That sad message was delivered around the world, but perhaps hit closest to home for professional athletes who have walked so many miles in his shoes. Those with voracious appetites for conquests, both on and off the court. Those with impulses, like Magic's, too strong to quell.
While Gatorade had begun peddling its sports drink by telling everyone to "Be Like Mike," Magic was warning everybody of the dangers of being like him. Though it lacked the catchy Jordan jingle, the message was delivered to athletes with a cold, sobering slap of reality. But do they remember it today?
"I don't think so," says Byron Scott, who won three of the Lakers' five NBA championships with Magic on the team.
How soon they forget
"Because of HIV that I have attained, I will have to retire from the Lakers today."
Scott spent 11 seasons of his 14-year playing career with the Lakers, the first 10 during the team's "Showtime" era, and later again as an unofficial player-coach during the 1996-97 season, Shaquille O'Neal's first with the team.
Scott is now head coach of the New Jersey Nets, a young team whose players are an average 25 years old and have less than four seasons of NBA experience. Not even one of his players was in the league back in 1991. And two -- rookies Brandon Armstrong and Richard Jefferson -- were but 11 years old then.

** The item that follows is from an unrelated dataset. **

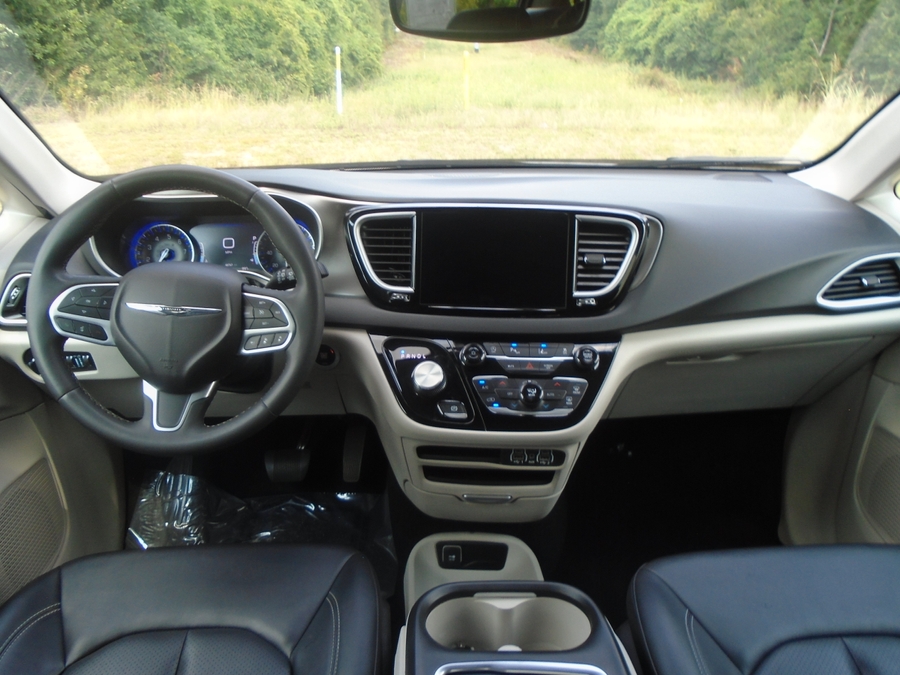 White Chrysler Pacifica image number 13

"I think the first month or two when Earvin came out -- just probably like every other athlete, thinking that it couldn't happen to them and then happens to the greatest player to play the game -- I think everybody at that time focused in on being a little bit more careful," Scott told ESPN.
"But now, watching a lot of the guys that come up in this league now, I think it's almost back to where it was 15, 20 years ago."

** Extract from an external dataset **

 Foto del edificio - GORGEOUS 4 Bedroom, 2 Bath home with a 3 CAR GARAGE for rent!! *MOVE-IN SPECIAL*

Anecdotal evidence would seem to suggest likewise. Salacious headlines of athletes caught with their pants down continue to pop up in the 10 years since Magic's announcement.
"I go to sleep at night worrying about my clients," sports agent Drew Rosenhaus told the Miami Herald's Dan Le Batard in 1996. "It's scary. I know guys who juggle three or four women a night. Women can be as addictive as drugs or alcohol, and the supply is never ending."
In a 1992 interview on ABC's "Primetime Live," Magic talked about his own private life behind closed bedroom doors. Recounting tales of living out his fantasies, Magic said he often shared himself in orgies with multiple women, as many as six in one night.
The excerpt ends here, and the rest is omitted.